From Donors to Patrons: A Conversation
Recovering patronage as partnership.
Scan the list of donor levels at events and annual reports: among the gold, silver, and bronze designations you will notice a category that is trending. It is the category of “patron.” While it has become simply another indicator like the others for how much one has donated to the event or organization, there was a time when the word “patron” meant something more significant. For instance, a “patron saint” was a protector and advocate of individuals, professions, even entire communities. When a city in the Middle Ages grew to prominence it often declared its status by obtaining the relics of a famous saint from another city. Being a patron was the mark of a unique relationship. Today, for the right amount of money one can be a patron. And that amount might not even be significant. (One can be a patron of the Society of Gynecological Surgeons for just $1.00.) I am concerned that true patrons are becoming an endangered species. This is not an argument for elitism but for an understanding of the commitment and calling of genuine patronage.
In the same way a hobbyist is different from a craftsman or an earned doctorate from one that is honorary, there is an important distinction between donors and patrons. I would like to see that restored. Perhaps the first step is clarifying the differences by talking with people practicing the art of patronage.
A donor could be giving out of benevolence or mild interest, whereas a patron wants to participate and help guide the enterprise.
To do that, I called Roberta Green Ahmanson and we had a conversation about what it means to be considered a patron and what the role of the patron is—not just in the arts but in every discipline.
Fred Smith: Let’s jump right into it.
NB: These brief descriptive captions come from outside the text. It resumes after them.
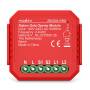 Nedis POWERSWITCH SMART 2,5W ZIGBEE3 (ZBGDN10RD         WS)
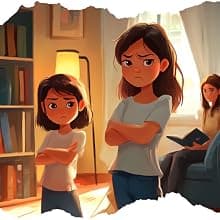 You Are 9 And Amazing! Inspiring Stories For 9 Year Old Girls: 15 Motivating Tales of Confidence, Friendship, Compassion and Creativity (You Are Amazing!) 1965857027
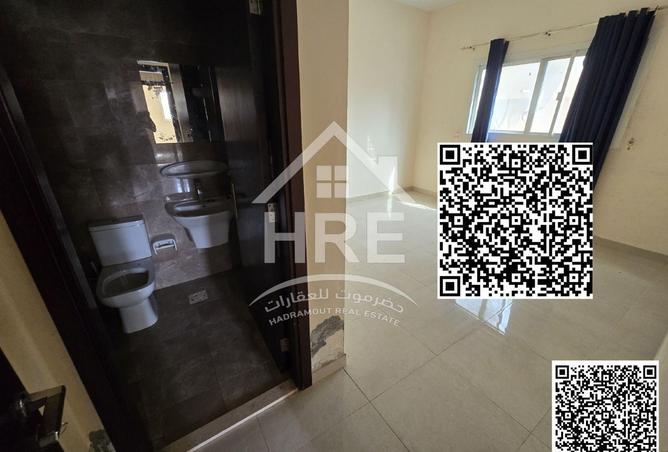 14887570 - Property Image 2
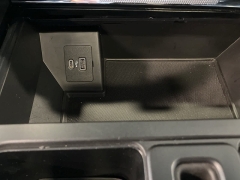 Used 2021  Ford F-150 4WD SuperCrew Box at Maxx Loans near St. Adrian, MI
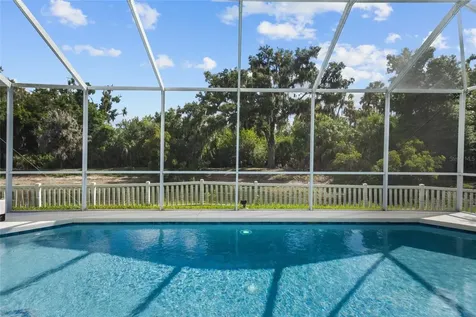 4527 Ferrys Mill Place Ellenton FL 34222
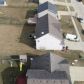 3524 WATER POINT RD SW, Cedar Rapids, IA 52404 ID:15940751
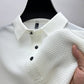 Matthew Elegant Polo Shirt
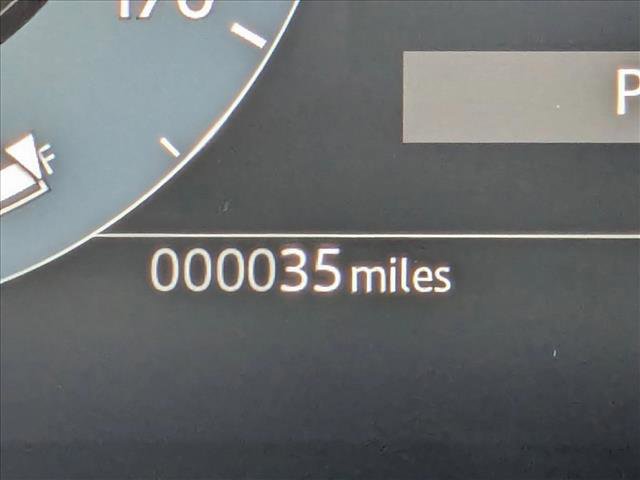 New 2026 Land Rover Range Rover Evoque S image 11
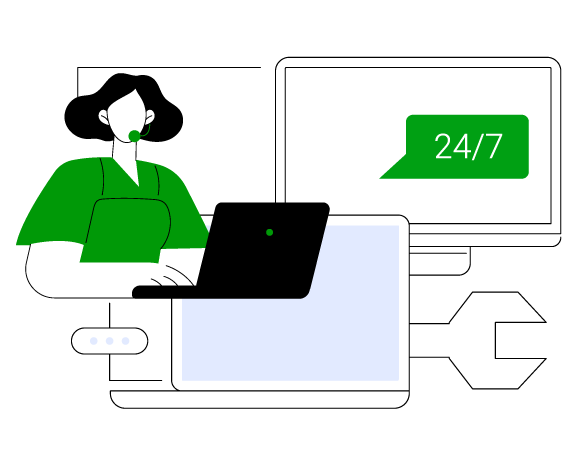 Guaranteed-Peace-of-Mind-with-24-7-Tech-Support-&-Easy-Returns-Policy Guaranteed-Peace-of-Mind-with-24-7-Tech-Support-&-Easy-Returns-Policy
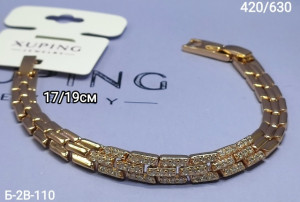 Браслет #23323599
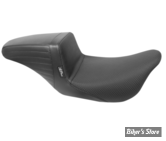 - SELLE LE PERA - KICKFLIP - TOURING 08UP - BASKET WAVE - LK-597BW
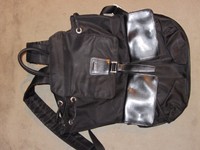 Rucksack Esprit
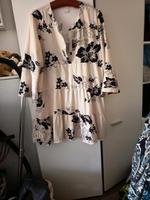 Damen Bluse , Kleid Thüringen - Gera Vorschau
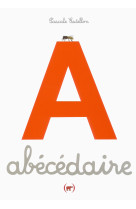 Abecedaire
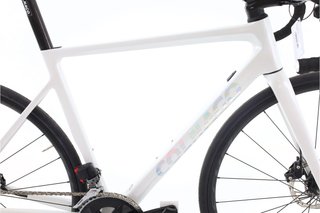 Colnago V3Rs AXS 12V t.50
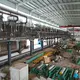 Continuous Galvanizing Line 8543300090 - - HiTo 5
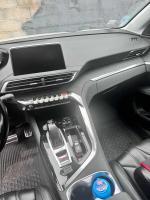 peugeot-3008-1-6-bluehdi-2017-diesel-1560cc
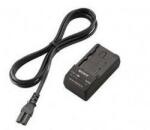 Sony Incarcator Sony BC-TRV pentru camere video Handycam V/H/P Series (BCTRV.CEE)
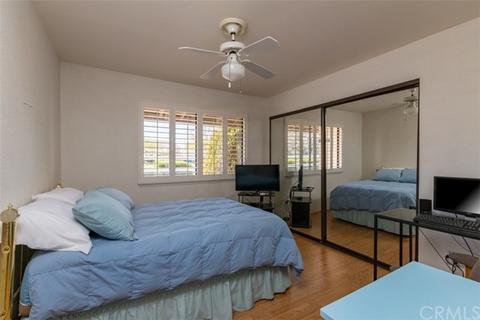 30032 Via Norte, Temecula, CA 92591 photo 10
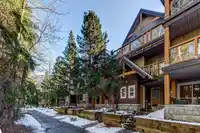 44 4388 NORTHLANDS BOULEVARD - thumbnail 17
What is a patron?
Roberta Green Ahmanson: A patron is not only one giving financial support but who gives influential support, favour, encouragement to a person, institution, work, or art. From ancient times to the present, governments, institutions both secular and sacred, and individuals have been patrons of the arts. They have done it to deify themselves, to entrench social order, to maintain or increase status, to feel good, to benefit others, to foster the art they love, to speculate on investments, to absolve themselves of guilt over how their money was made, to find identity, to win honour, to gain heaven, and sometimes even to glorify God.
FS: To find identity?
RGA: Yes. For instance, the Harvard Society for Contemporary Art was the first organization in the country to devote itself to an ongoing program of changing exhibitions of recent art in all its diversity. It was a significant departure from the traditional museum’s taste and practice. In his 1929 book, Patron Saints: Five Rebels Who Opened America to a New Art, 1928–1943, Nicholas Fox Weber writes, “That need to affront some people and win the approval of others underlies a great deal of adventurous arts patronage. Rather than acquiesce to the judgments and power of the majority, the patron has chosen to join a smaller group. That need for self-definition can be more of a determining factor than is pure aesthetic response. It is all part of establishing how one fits in the world.
FS: But it’s more than a kind of narcissistic search for self, isn’t it? It’s not a self-centered fascination with being considered a patron. It’s also more than investing in art for the return. There is something deeper in the relationship with the artist, I would assume.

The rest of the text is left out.